Measures included in draft versions of the latest EU sanctions against Russia include banning transactions with sanctioned vessels, introducing notification requirements when a ship is sold and contractual clauses prohibiting shipments above the oil price cap, reports Lloyd’s List.
The EU’s 12th package of sanctions against Russia, anticipated imminently, will include actions to tighten the crude oil and refined oil price caps, as well as tightening further the circumvention tactics that have been used by non-EU businesses.
EC President Ursula von der Leyen confirmed in a speech to the Ukrainian parliament in Kyiv that the latest package would be announced soon.
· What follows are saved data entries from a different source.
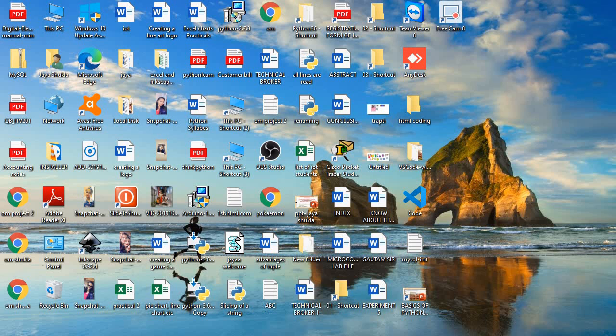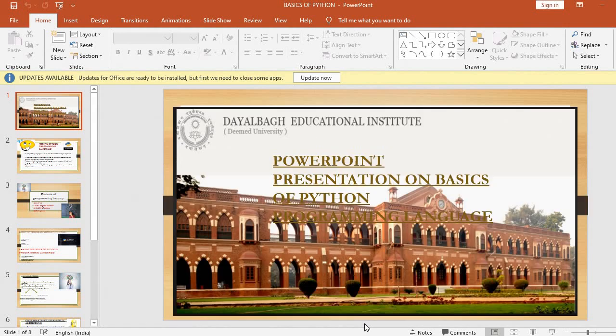Hi friends, welcome to my YouTube channel. Today we are going to understand what is Python programming language. I have made some PowerPoint presentation which is based on basics of Python programming language.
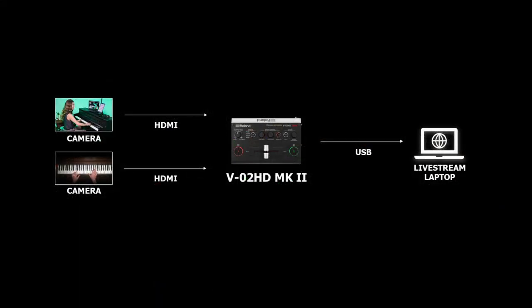Hi, I'm Justin with Roland Professional AV, here to cover some troubleshooting tips for USB video.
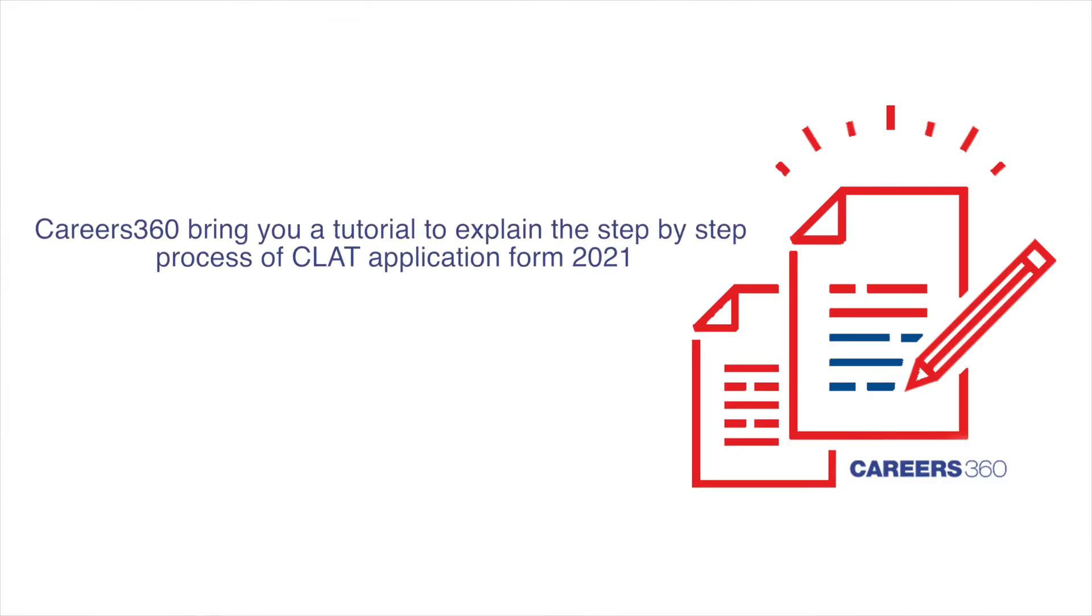In this video, Careers 360 brings you a tutorial to explain the step-by-step process of CLAT Application Form 2021.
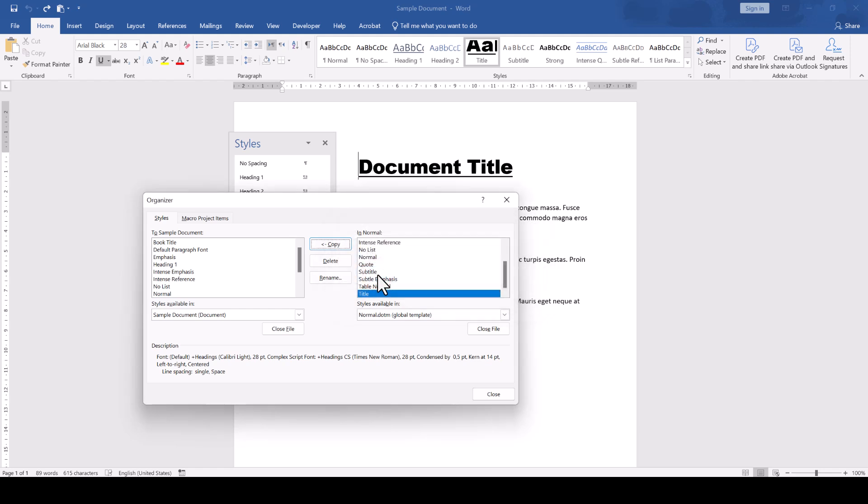Now if you came to this video since you somehow messed up your Normal.M template and want to fully reset this template, then do the following.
Senior industry sources confirmed to Lloyd’s List that enforcement measures targeting “dark fleet” vessels were in the draft text.
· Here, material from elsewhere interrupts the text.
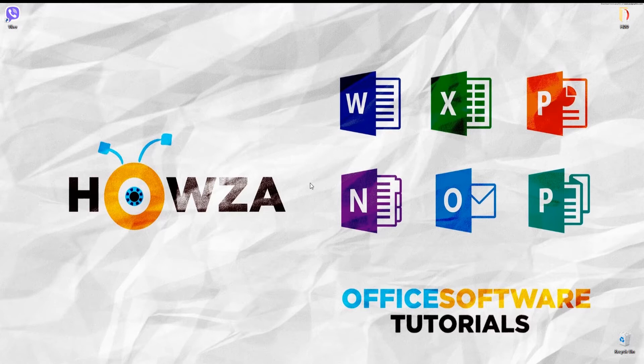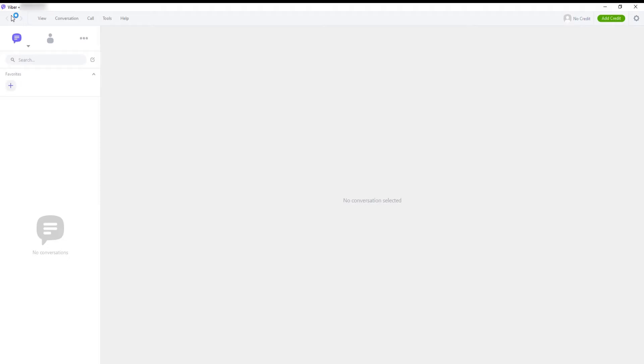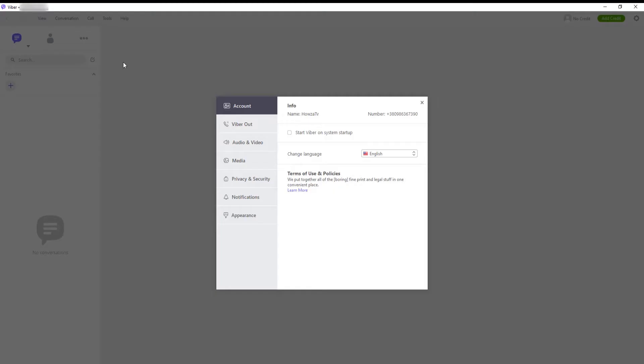Open Viber Desktop App. Click on the tools at the top menu bar. Choose Options from the list. A new window will open. Go to Media.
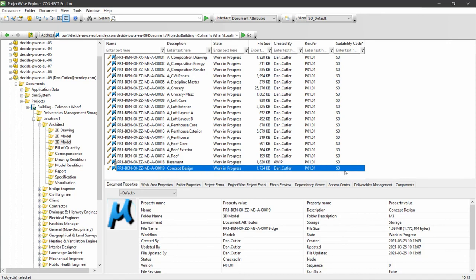Work in progress, suitability of S0, and revision P01.01. So from here, I can double click, open up the file in its native application, and start to work.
According to an early draft, which had been reported by Bloomberg, some of the measures included banning transactions with sanctioned vessels, introducing notification requirements when a ship is sold, and contractual clauses prohibiting shipments above the oil price cap.
An attempt to increase oil-pricing transparency was also being explored. The cap price excludes transport costs, meaning that inflated shipment costs can be manipulated to get around sanctions.
Von der Leyen said in her speech in Kyiv that the new sanctions would include “up to” 100 new listed individuals, new import and export bans, actions to tighten the oil price cap, and tough measures on third-country companies which circumvent the sanctions.